Leonova, a Belarusian citizen who prosecutors said most recently resided in Russia, was arrested in France and extradited to the United States in November 2025.

The guilty plea moves forward a case that began with allegations that Leonova and others helped procure US-sourced avionics and aircraft equipment for private aircraft operated or maintained by her former Russian employer, which US authorities say is on the Commerce Department’s Entity List for national security and foreign-policy concerns.

The case also points to a murky corner of the global aviation supply chain in which aircraft parts often move legally through distributors, brokers and secondary-market suppliers, especially when operators need hard-to-find components for older or out-of-production aircraft. Prosecutors say Leonova and her co-conspirators used that same kind of indirect supply chain to conceal the true end user and move components to Russia without required US export licenses.

According to the US Department of Justice, the scheme began in May 2022, after Russia’s full-scale invasion of Ukraine. Prosecutors said Leonova worked with US and Armenian co-conspirators to buy aircraft parts from US-based distributors, then used companies in Armenia and elsewhere to ship the parts to Russia.

The parts could not legally be exported to Russia without licenses from the US Department of Commerce. Prosecutors said Leonova and her co-conspirators instead repeatedly misstated or concealed the true end users and destinations of the aircraft components by submitting false information on export documents. They also routed payments in US dollars from foreign bank accounts into bank accounts in the United States.

An indictment in the case identifies one US supplier only as “U.S. Company-1,” a Teterboro, New Jersey-registered aircraft parts company. The indictment says the company supplied rotables, expendables, hardware, spares and electronic equipment for aircraft made by Airbus, Boeing, Bombardier, Dassault, Gulfstream and others.

The indictment also identifies an unnamed New Jersey-based naturalized US citizen as the founder, owner and manager of the company. That person is described only as “Co-conspirator-1” and is not named as a defendant in the public indictment.

The aircraft components cited in the indictment included Airbus A321 windows, fan blade pairs for A321 aircraft and a multiscan weather radar associated with a Bombardier Global 6000 registered RA-67241.

The indictment says an Armenian intermediary wired multiple payments to a New York bank account tied to the US aircraft parts supplier in June and July 2022. Those payments included amounts of $82,655, $297,000, $100,000, $97,500, $100,500 and $100,000.

The case is one of several recent US prosecutions involving alleged efforts to move aviation equipment to Russia through intermediary countries after export controls and sanctions tightened following Russia’s invasion of Ukraine.
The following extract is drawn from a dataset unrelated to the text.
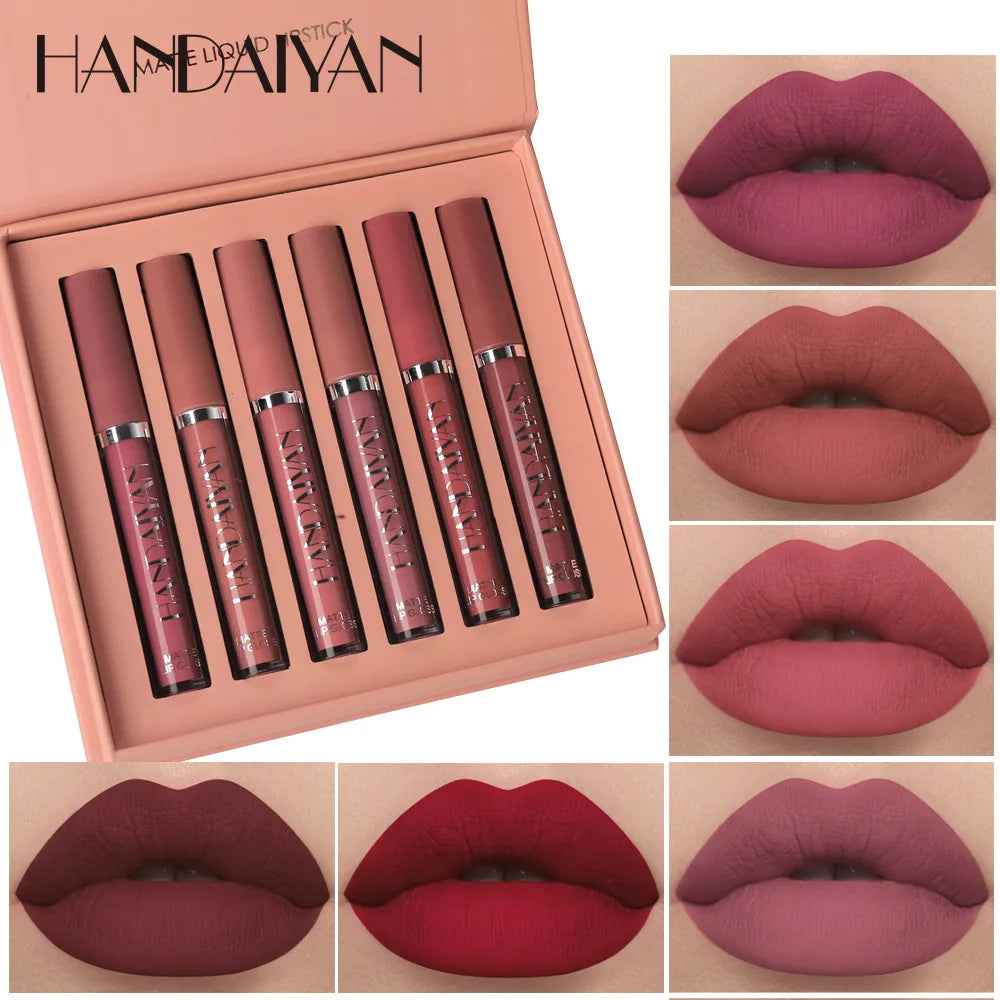 handaiyan 6 colors matte velvet lip glaze set waterproof non-fading, non-stick cup smudge-proof lip gloss set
In January 2026, an Indian national was sentenced to 30 months in prison for conspiring to export controlled aviation components and a navigation and flight-control system from Oregon to Russian end users. In another case, Russian nationals admitted to a scheme to acquire and export controlled aviation technology from US suppliers to Russian buyers, primarily commercial airline companies. Another defendant, a dual US-Russian citizen, was sentenced to 41 months in prison for trying to export two Cessna aircraft to Russia through Armenia.
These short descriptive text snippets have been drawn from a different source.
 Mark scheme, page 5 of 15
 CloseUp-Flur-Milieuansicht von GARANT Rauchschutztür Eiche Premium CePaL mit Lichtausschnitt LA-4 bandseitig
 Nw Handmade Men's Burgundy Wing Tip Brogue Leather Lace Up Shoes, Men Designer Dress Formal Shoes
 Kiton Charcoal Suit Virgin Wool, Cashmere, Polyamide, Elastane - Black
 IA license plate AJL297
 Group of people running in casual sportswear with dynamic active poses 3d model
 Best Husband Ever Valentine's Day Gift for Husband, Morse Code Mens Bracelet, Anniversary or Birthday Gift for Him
The Leonova case shows how the legal secondary market for aircraft parts can become a type of gray market for aircraft parts when brokers, intermediaries or buyers conceal the true destination of controlled goods.

US Attorney Jeanine Pirro said Leonova used shell companies, false paperwork and foreign intermediaries to conceal the unlawful export of US-origin aircraft components to Russia.

“Anyone who thinks they can exploit US supply chains to arm our adversaries should look carefully at what happened to Yana Leonova,” Pirro said. “Investigators traced the scheme across multiple jurisdictions and brought her to justice. There is no distance far enough to protect those who threaten our national security interests.”

Leonova faces a maximum sentence of 20 years in prison. Her actual sentence, to be determined by the court, will likely be far less, though still likely reaching to years behind bars.